Se preguntará el lector: ¿cómo eran posibles dos poderes supremos a la vez? ¿Cómo podían actuar? ¿Cómo se entendían entre sí?
Entre sí, desde luego, no se entendían de ninguna manera. Y su modo de actuar era muy simple: cualquiera de ellos promulgaba una ley, un decreto o una orden, y el otro no tenía poder para anularlos.
Eso sí, una cosa tuvieron en común: tanto el Gobierno como el Soviet usaron su poder con una inenarrable, colosal, superlativa estupidez.
Quienes hemos vivido los últimos años de Franco recordamos las pintadas de los estudiantes: «Disolución de los cuerpos represivos». Por suerte, en la Transición no los disolvieron y la Policía Nacional sigue con sus gorras, la Guardia Civil con sus tricornios.
Pero en Rusia sí los disolvieron. Y el país se encontró sin policía de ningún tipo, ni siquiera municipal. El «orden jurídico» que se instauró es fácil de imaginar.
Por si fuera poco, al Soviet se le ocurrió que un país democrático ha de tener un ejército democrático. Y se apresuró a promulgar su famosa Orden número primero. Según ella, en cada unidad militar los soldados debían elegir un Soviet, éste tenía que tomar el control del armamento y las órdenes de los oficiales solo debían obedecerse si eran compatibles con las del Soviet. La tal Orden fue impresa en siete millones de ejemplares y repartida en todo el ejército.
Obviamente, cada Soviet de soldados legisló lo que bien le pareció y aparecieron decisiones de lo más extraño y pintoresco. No faltaron soviets que ya que tenían el poder de hacerlo, decidieron que «vámonos todos pa’casa». Pero Rusia es país de enormes distancias, y «pa’casa» podía requerir días, incluso semanas de viaje, durante el cual había que comer. A falta de dinero, los soldados se llevaban el arma. Y no había policía.
¿Y el flamante Gobierno? No quiso ser menos y puso su granito de arena en el desastre. Su ministro de Justicia, el abogado Kerenski, promulgó una amnistía. Y a la invasión de miles (pronto serían millones) de desertores armados se sumó la repentina suelta de decenas de miles de delincuentes comunes (la gente los llamó «polluelos de Kerenski»). Y, repito, no había policía. Ninguna.
Entre esto y el sacrosanto derecho de huelga, se desorganizaron el transporte, la distribución, el comercio y apareció el hambre. No ya aquella accidental escasez de pan, sino la falta de todo tipo de alimento.

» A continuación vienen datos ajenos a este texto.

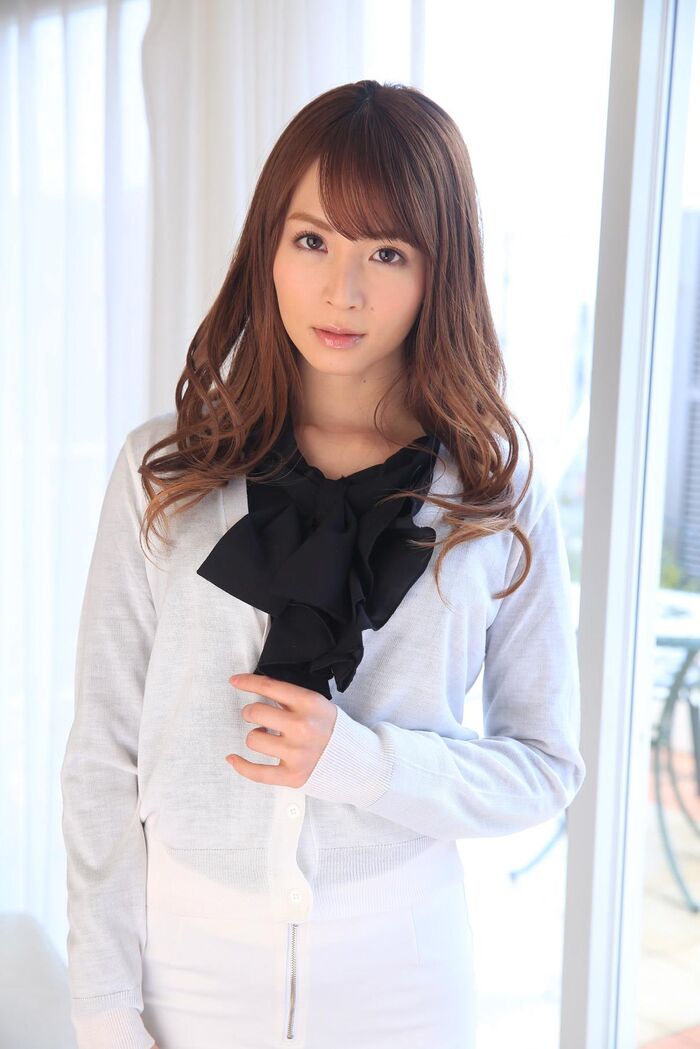 Miku Ohashi Beautiful Uncensored AV Actress 200 Erotic Images 2th image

Pero lo que le pareció urgentísimo al Gobierno fue reformar la administración local (en conjunto excelente, desde la instalación de los zemstvo, parecidos a nuestras diputaciones). En su lugar, el Gobierno ideó autonomías. Eso y surgir nacionalismos fue todo uno.

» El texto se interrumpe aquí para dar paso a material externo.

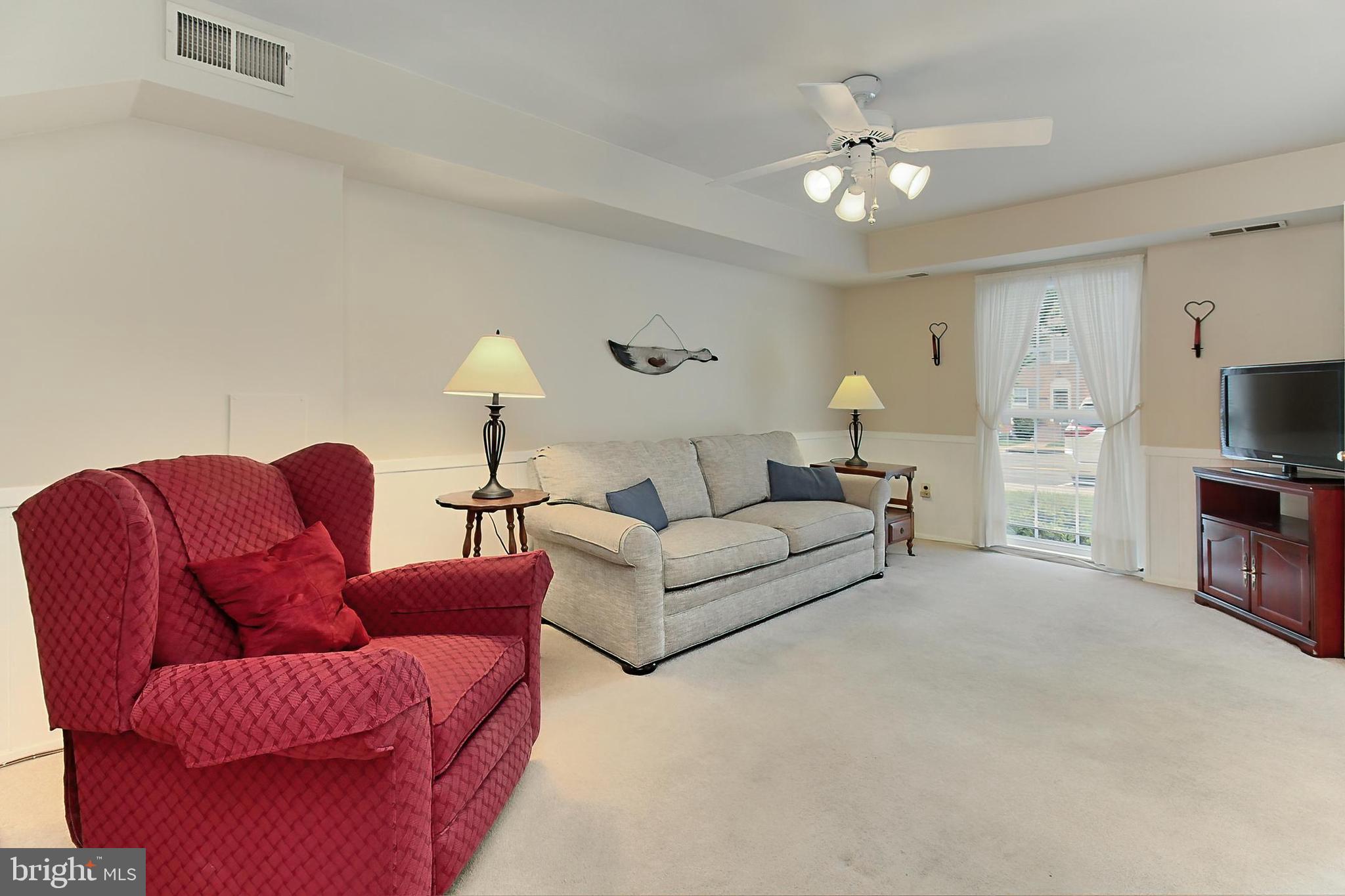 CARDINAL SQUARE - Residential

A todo esto, el país seguía en guerra. Pero en guerra, ¿para qué? ¿Con qué objetivos?
El nuevo poder no lo tenía claro. Los partidos de centro-derecha, mayoritarios en el Gobierno, eran partidarios de la «lucha hasta la victoria final».
En el Soviet predominaban las izquierdas. Su idea era la «paz sin anexiones ni contribuciones». Pero sus partidos eran los social-revolucionarios (SR) y los social-demócratas (SD), éstos divididos en «mencheviques» y «bolcheviques». Estos últimos agitaban por la paz inmediata y a cualquier precio (para eso sus líderes, encabezados por Lenin, habían sido traídos desde Suiza cruzando Alemania y recibían abundante financiación del Estado Mayor alemán; eso incluso salió en la prensa, pero nadie tomó medida alguna: «Representan al pueblo»).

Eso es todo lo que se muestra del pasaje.